* [Required work]: Look for the line with "Frye Paige Short" in the data below, then reproduce word for word that line and every line after it. Leave out all pictures and add nothing.

* [Data section]:
########
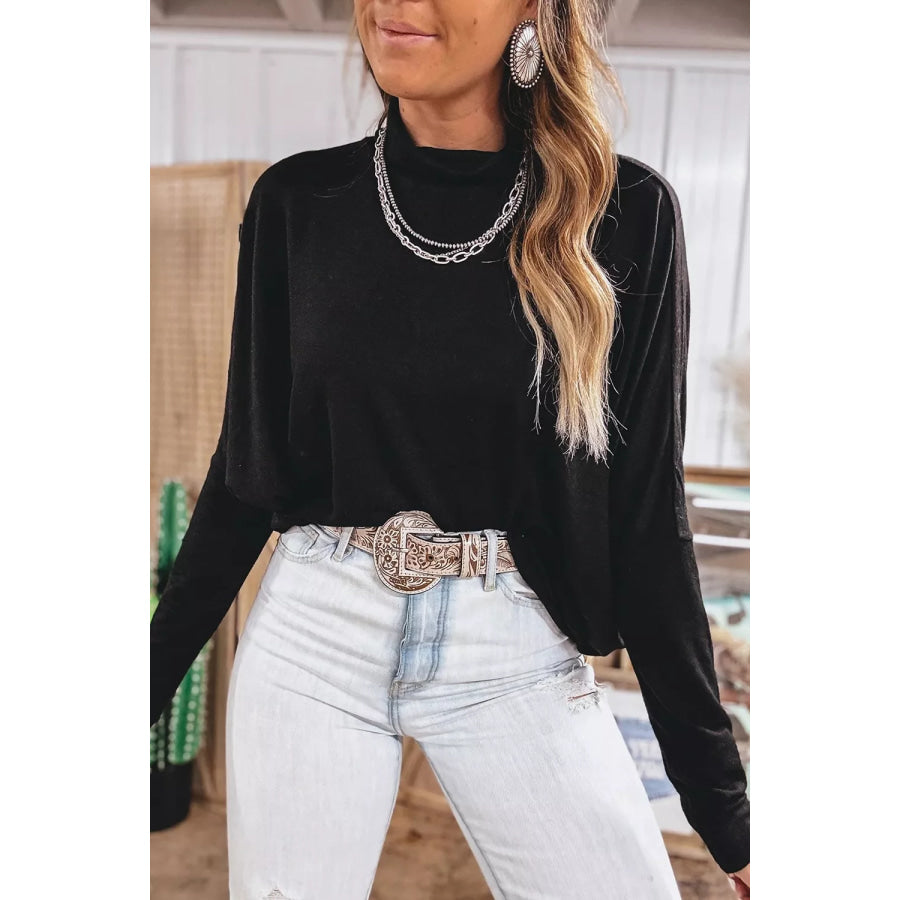 High Neck Long Sleeve Top Apparel and Accessories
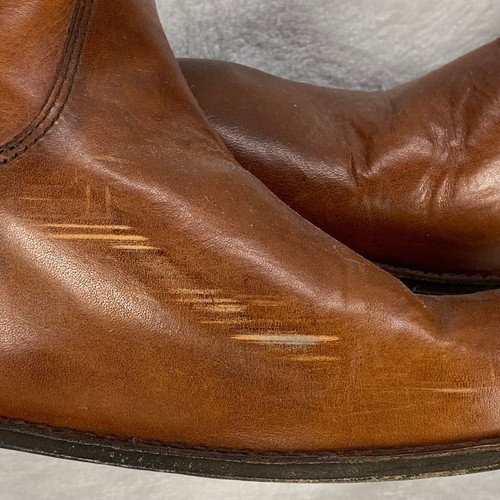 Frye Paige Short Riding Leather Ankle Boots Western Cowboy Pull On Cognac 6.5 - Picture 11 of 14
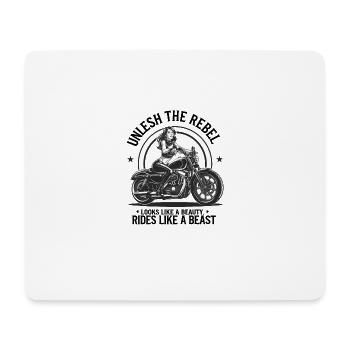 Looks Like A Beauty Rides Like A Beast - Mousepad (Querformat) - Weiß - Vorne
########
* [Solution for this problem]:
 Frye Paige Short Riding Leather Ankle Boots Western Cowboy Pull On Cognac 6.5 - Picture 11 of 14
 Looks Like A Beauty Rides Like A Beast - Mousepad (Querformat) - Weiß - Vorne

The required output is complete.